**YOUR ASSIGNMENT**. For the material below, reproduce exactly each line from the one that has "AGFAPHOTO Akku -AAA" through the one that has "Sneakers blu con", and no others; pictures stay out.

**PROVIDED MATERIAL**.

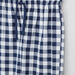 Juniors Henley Neck Short Sleeves T-shirt and Chequered Pyjama Set-Pyjama Sets-thumbnail-4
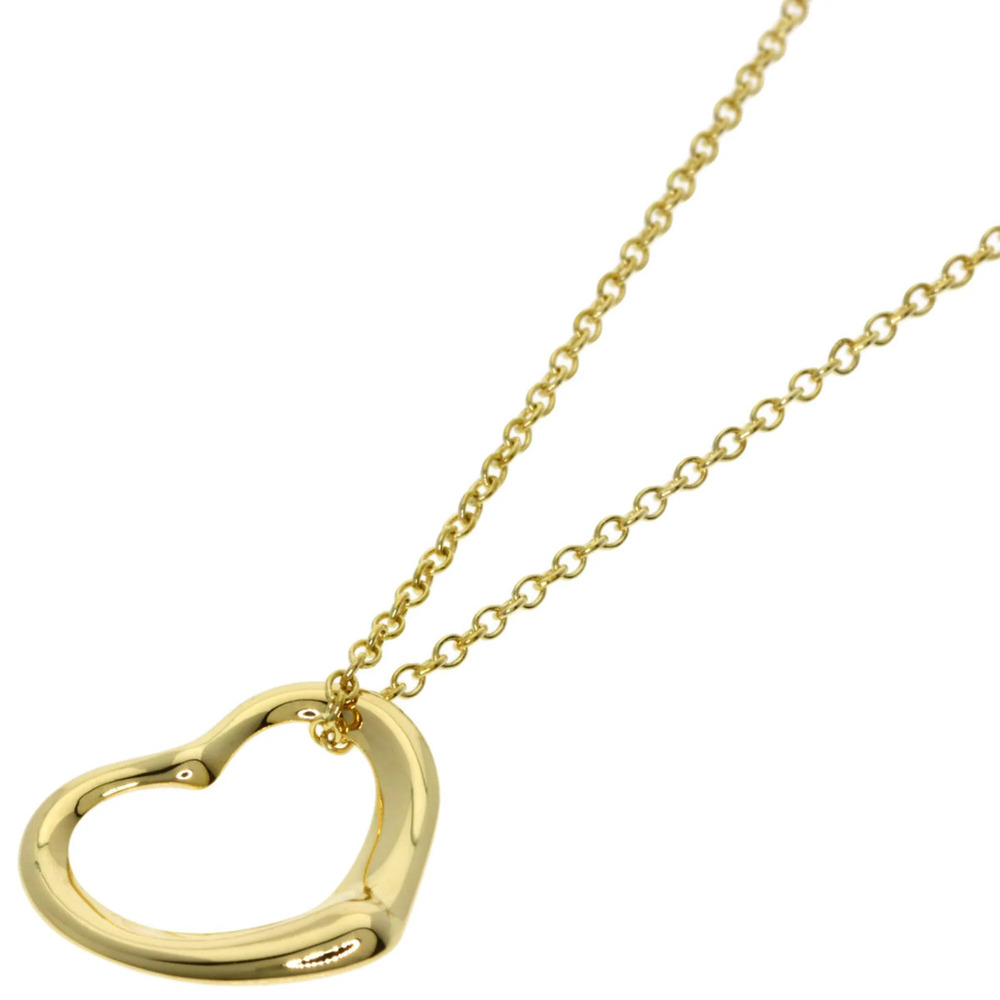 TIFFANY 18k Gold Heart Necklace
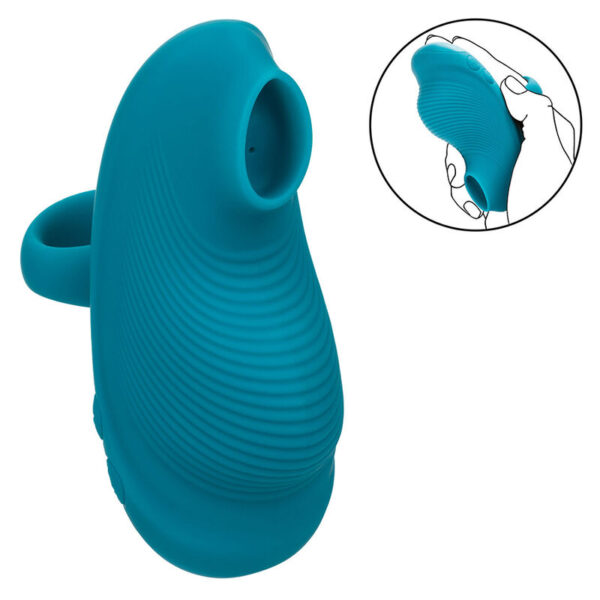 CALEXOTICS - ENVY HANDHELD ROLLING BALL MASSAGER 7 VIBRATIONS BLUE - Image 6
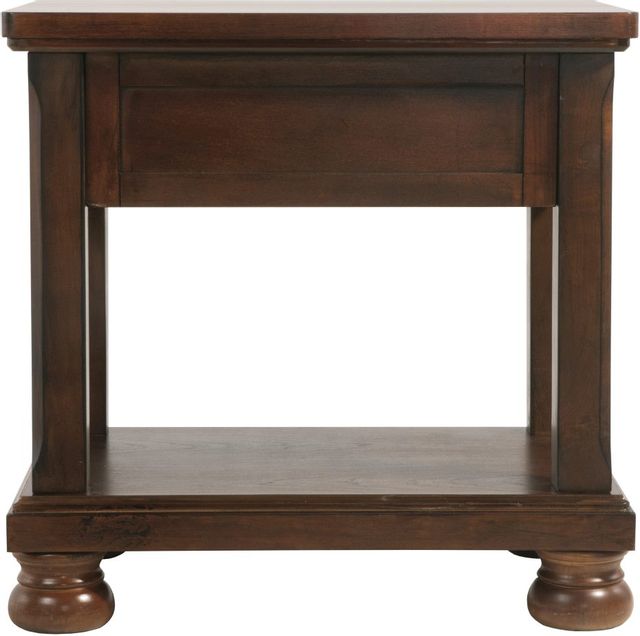 Signature Design by Ashley® Porter Rustic Brown Chair Side End Table 4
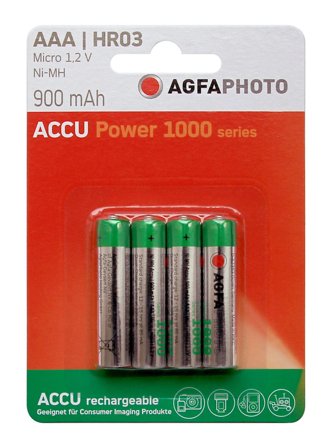 AGFAPHOTO Akku -AAA HR03 Micro 900mAh F-FEEDS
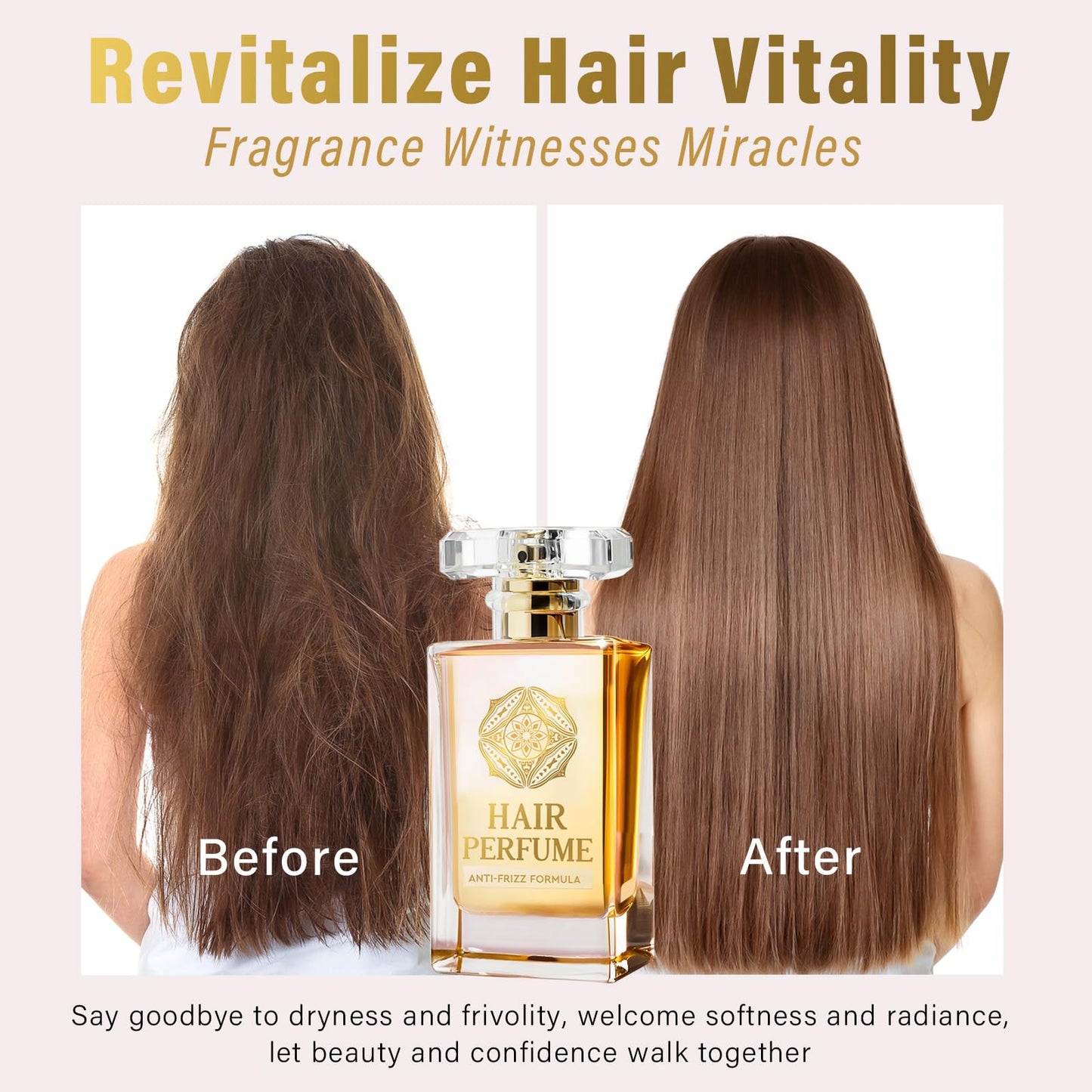 TDZLDM Hair Perfume, Natural Scented Pheromones Perfumes for Women, 50ml Leave-In Conditioning Spray for Dry & Frizzy Hair, Long Lasting Fragrance & Smoothing Spray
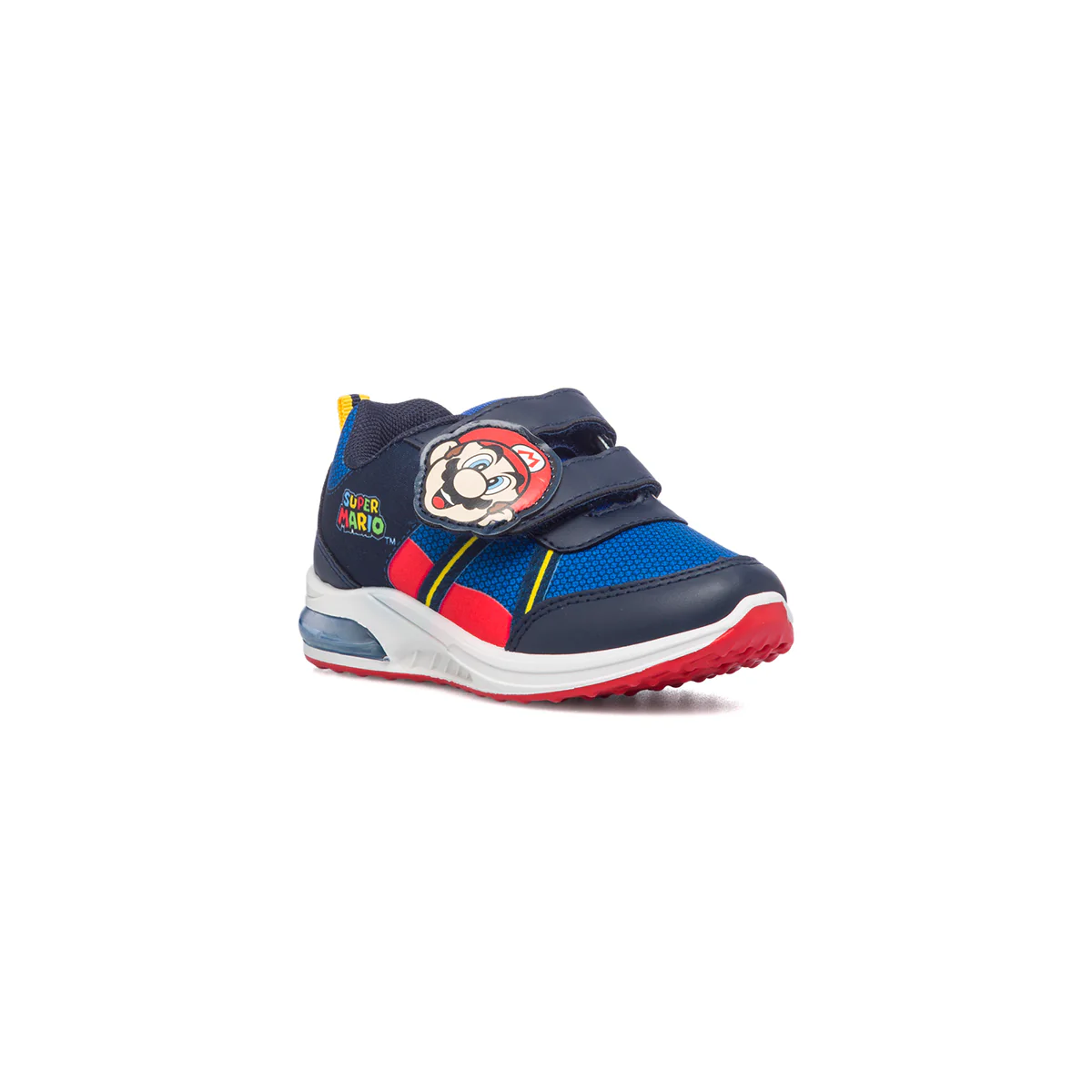 Sneakers blu con luci sulla suola Super Mario - Image 2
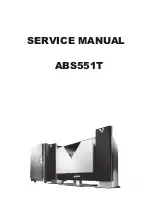 BBK ABS551T Service Manual предпросмотр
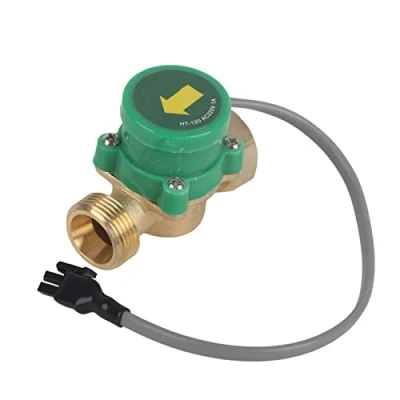 Immagine di HT 120 G3 / 4&quot; 3/4&quot; Interruttore flussostato del sensore di flusso della pompa dell&#039;acqua con filettatura AC220V 1A per scaldabagno a area bassa pressione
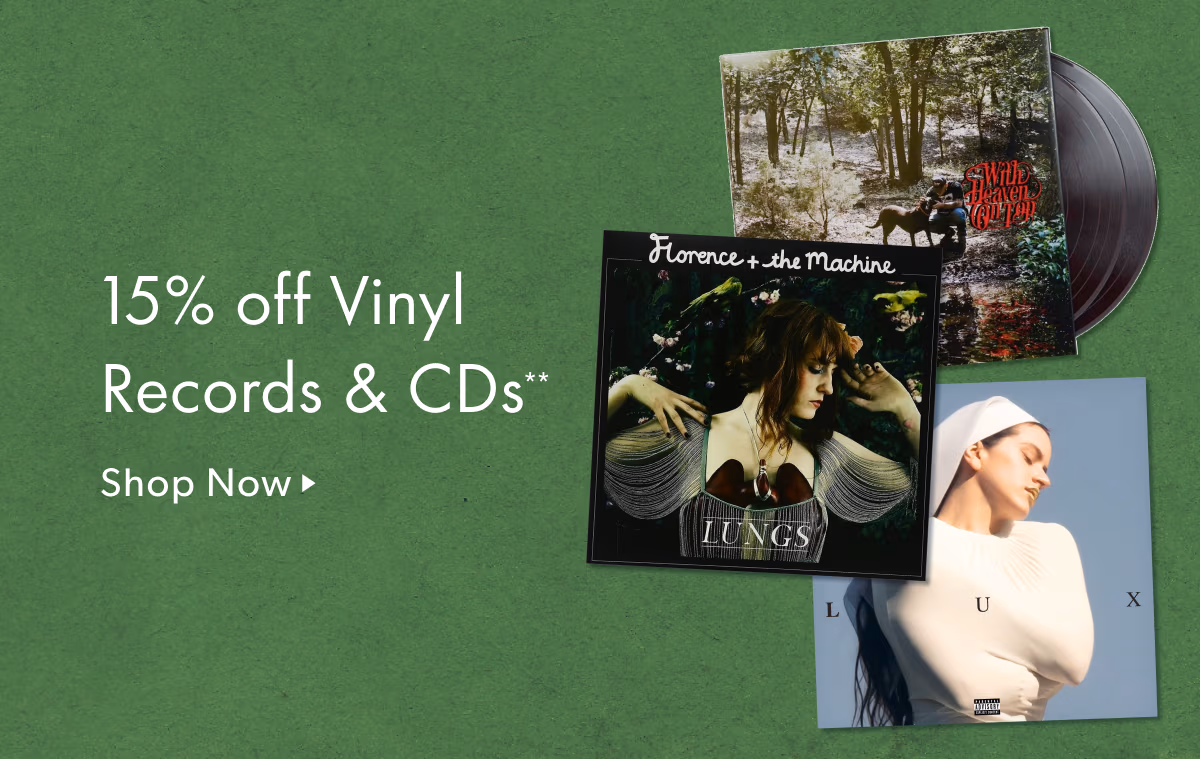 15% off Vinyl Records & CDs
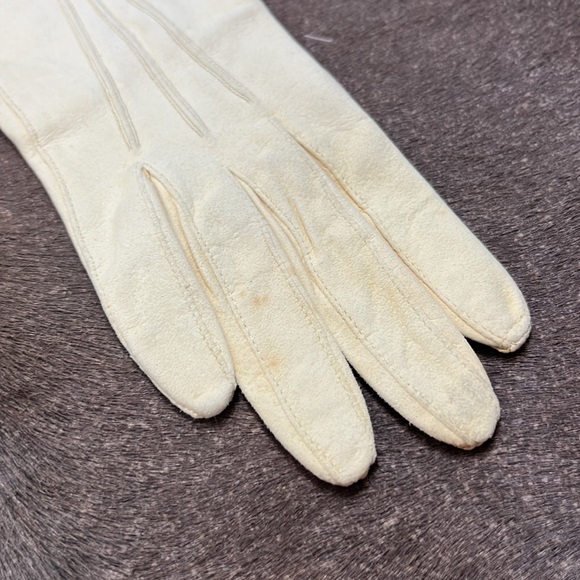 Leather VTG Trimmingham Brothers Bermuda Kid Gloves - Picture 3 of 8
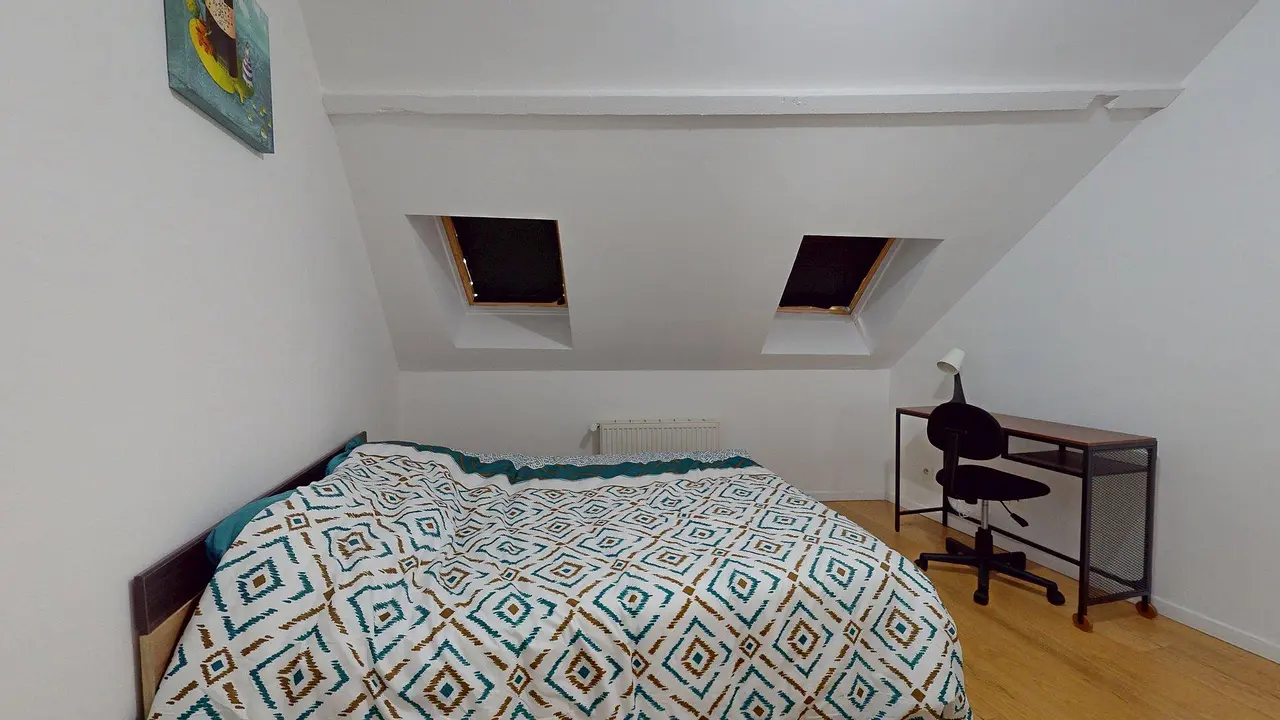 Colocation meublée de 102.0m2 - 400€ - Roubaix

**RESPONSE TO THIS EXERCISE**.
 AGFAPHOTO Akku -AAA HR03 Micro 900mAh F-FEEDS
 TDZLDM Hair Perfume, Natural Scented Pheromones Perfumes for Women, 50ml Leave-In Conditioning Spray for Dry & Frizzy Hair, Long Lasting Fragrance & Smoothing Spray
 Sneakers blu con luci sulla suola Super Mario - Image 2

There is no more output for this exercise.